Sure, that's pretty easy.   Note, I cowrote the only libpq wrapper
that demystifies pg binary formats, libpqtypes.  I can tell you that
binary formats are much faster than text formats in any cases where
parsing is non trivial -- geo types, timestamp types, containers etc.However I would be very surprised if postgres
binaryformat json
 
would replace language parsing of json in any popular language like
java for common usage.

I'll go further.   Postgres json support has pretty much made our
binary formats obsolete.  The main problem with text format data was
sending complex structured data to the client over our overlapping
escape mechanisms; client side parsing was slow and in certain
scenarios backslashes would proliferate exponentially.    json support
eliminates all of those problems and the performance advantages of
binary support (mainly parsing of complex types)  rarely justify the
development headaches.  These days, for the vast majority of data
traffic to the application it's a single row, single column json
coming in and out of the database.

>> I'd venture to guess this is a tiny fraction of pg users these days.
>> I do not understand at all the objection to removing whitespace.
>> Extra whitespace does nothing but pad the document as humans will
>> always run the document through a prettifier tuned to their specific
>> requirements (generally starting with, intelligent placement of
>> newlines) if reading directly.
>
> The objection is that it's a terribly poor solution as it simply makes
> things ugly for a pretty small amount of improvement.  Looking at it
> from the perspective of just "whitespace is bad!"

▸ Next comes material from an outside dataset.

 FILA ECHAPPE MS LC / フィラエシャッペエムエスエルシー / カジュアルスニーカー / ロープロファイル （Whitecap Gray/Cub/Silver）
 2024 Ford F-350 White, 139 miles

Whitespace is bad, because it simply pads documents on every stage of
processing.  You simply can't please everyone in terms of where it
should go so you don't and reserve that functionality for
prettification functions.  json is for *data serialization*.  We
should not inject extra characters for aesthetics in the general case;
reducing memory consumption by 10% on both the client and server
during parse is a feature.

Andrew mentions several solutions.  I like them all except I would
prefer not to introduce a GUC for controlling the output format.  I do
not think it's a good idea to set the expectation that clients can
rely on text out byte for byte for any type including json.

merlin



Re: Add jsonb_compact(...) for whitespace-free jsonb to text

От
"David G. Johnston"
Дата:
On Fri, Apr 29, 2016 at 7:15 AM, Merlin Moncure <mmoncure@gmail.com> wrote:
Andrew mentions several solutions.  I like them all except I would
prefer not to introduce a GUC for controlling the output format.  I do
not think it's a good idea to set the expectation that clients can
rely on text out byte for byte for any type including json.

​+1​

​I agree on the GUC point and on the general ​desirability of making jsonb output not include insignificant whitespace.

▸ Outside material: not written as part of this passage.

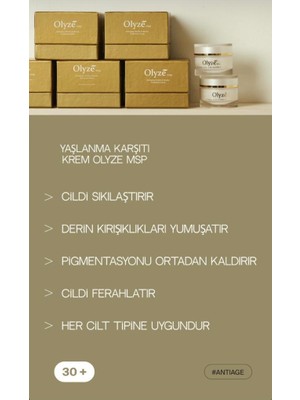 Olyze Msp Antiaging Health & Beauty Perfection Cream  Yüz Bakım Kremi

​There seems to be enough coders who agree to this principle: could one of you please write a patch and start a new thread specifically for this change.  If we go that route the need for the subject of this thread becomes moot.

Thanks!

David J.

Re: Add jsonb_compact(...) for whitespace-free jsonb to text

От
Alvaro Herrera
Дата:
Thanks Alex for finding the previous thread.

Andrew Dunstan wrote:
> 
> On 04/28/2016 04:29 PM, Alvaro Herrera wrote:

> >Actually we did have someone come up with a patch to "normalize" how
> >JSON stuff was output, because our code seems to do it in three
> >different, inconsistent ways.  And our response was for them to get the
> >heck outta here, because we're so much in love with our current
> >practice that we don't need to refactor the three implementations into a
> >single one.
> That's a pretty bad mischaracterization of the discussion.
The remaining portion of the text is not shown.